Emulog: QEMU Study
Welcome to the first emulog. This will be a bi-weekly series where I post updates on my emudevving, mainly for motivatation but also to reflect on. Most of these posts will be technical (though I may intersperse fun posts in between). I’m currently focused on building out a generic iPhone emulator so I’m doing a lot of background reading. As my first post, here’s some of the notes I took on “QEMU Internals” by Airbus Security Lab. Feel free to email me if you see anything wrong.
QEMU Intro #
QEMU is a generic userland and system emulator and it can target many different processor architectures. Userland emulation (or virtualization) refers to a running a binary cross-architecture but under the same OS (ex. Linux x86 on Linux ARM), which conveniently allows for emulating processor instructions and forwarding the syscalls to the host kernel (this is out of scope for the project).

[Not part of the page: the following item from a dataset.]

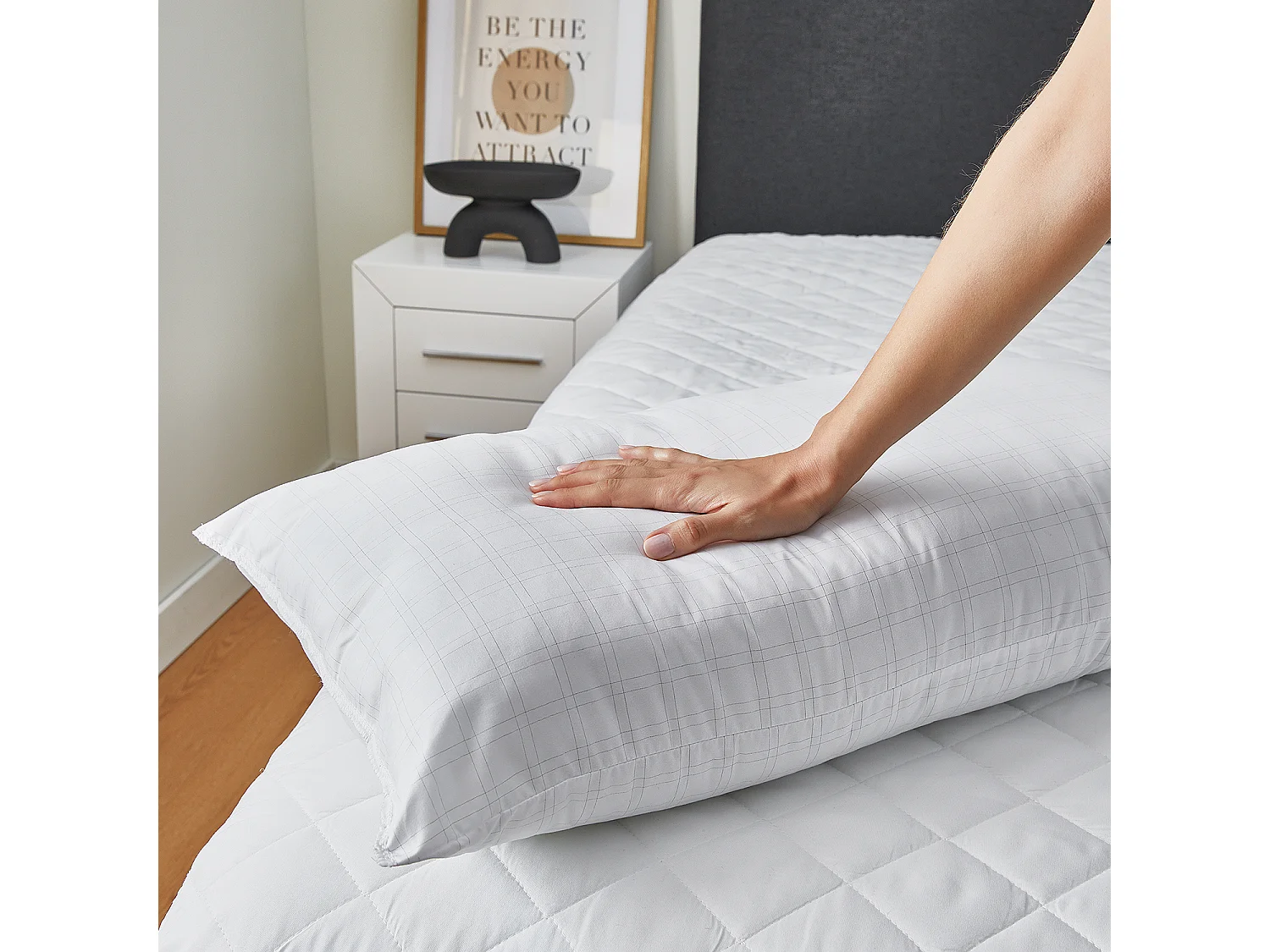 Guanciale in fibra Antistress, tessuto di fodera in fili di carbonio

QEMU’s system-mode emulation (qemu-system-) provides a JIT (just-in-time compiler), TinyCodeGenerator or TCG.
API Shenanigans #
QEMU uses QOM (the QEMU Object Model) which is a framework that gives C OOP features, creating QEMU-related types and instantiating objects. QEMU also relies on macros (DEFINE_MACHINE) to generate machine boilerplate code.
Guest memory can be accessed either through just a pointer to the buffer, MMIO, or a QEMU method, cpu_physical_memory_read/write - t’s preferrable to assign a block of memory (a subregion) to a device in QEMU and have it constrained within rather than providing the system memory (generated by default). memory_region_init_io() can be used to achieve this.1
TCG Internals #
The execution loop is to check for interrupts, else execute translated blocks (TB). The JIT compiler dynamically translates blocks of instructions from the target to host arch. In the process, QEMU looks for existing TBs, else generates the TB, and runs it.

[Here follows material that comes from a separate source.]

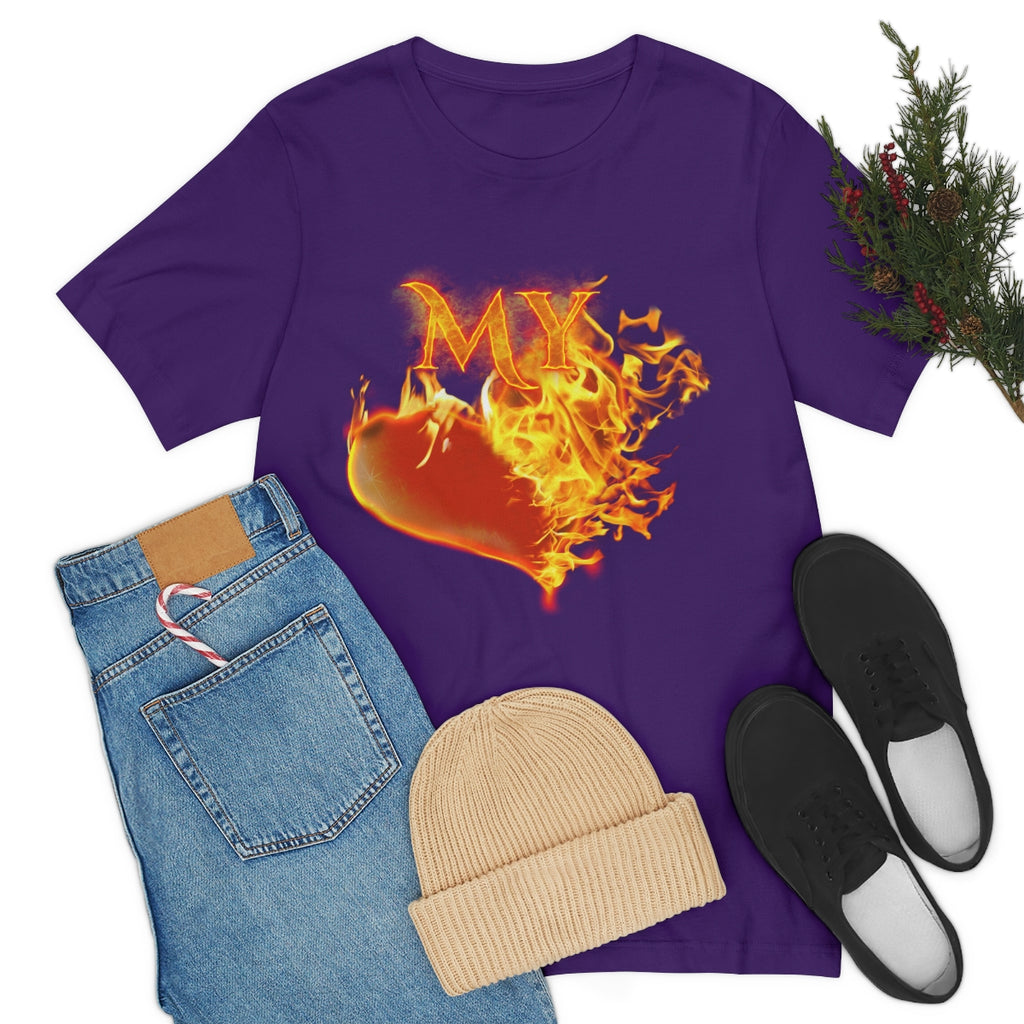 MY HEART BURNS FOR JESUS (Unisex Jersey Short Sleeve Tee)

The code is generated from gen_intermediate_code (generates IR, frontend operations) and tcg_gen_code (generates arch host assembly, backend operations). gen_intermediate_code generic but wraps for the target architecture (i386_tr_ops), calls into a translator loop, which processes the instruction and emits a TCG IR operation for the TB. From this block, the host code (target from TCG POV) can be generated and QEMU can run it. However, for a few instructions that can’t be directly emulated (ex. PPC mtmsr - a specific register), a TCG helper (handler) will be called to go into a pre-compiled generated C function (it can still modify the CPU state).
Memory #
QEMU is allocated a big chunk of memory for the guest (host OS deals with this). QEMU also has a softmmu that can translate virtual addresses to physical ones and virtual Translation Lookasize Buffer (vTLBs) - the vTLB will directly get the final host memory address if in the cache. QEMU LDST labels are used for TLB misses.
You can make bus devices, interrupt controllers, timers and a PCI controller via QEMU APIs. ↩︎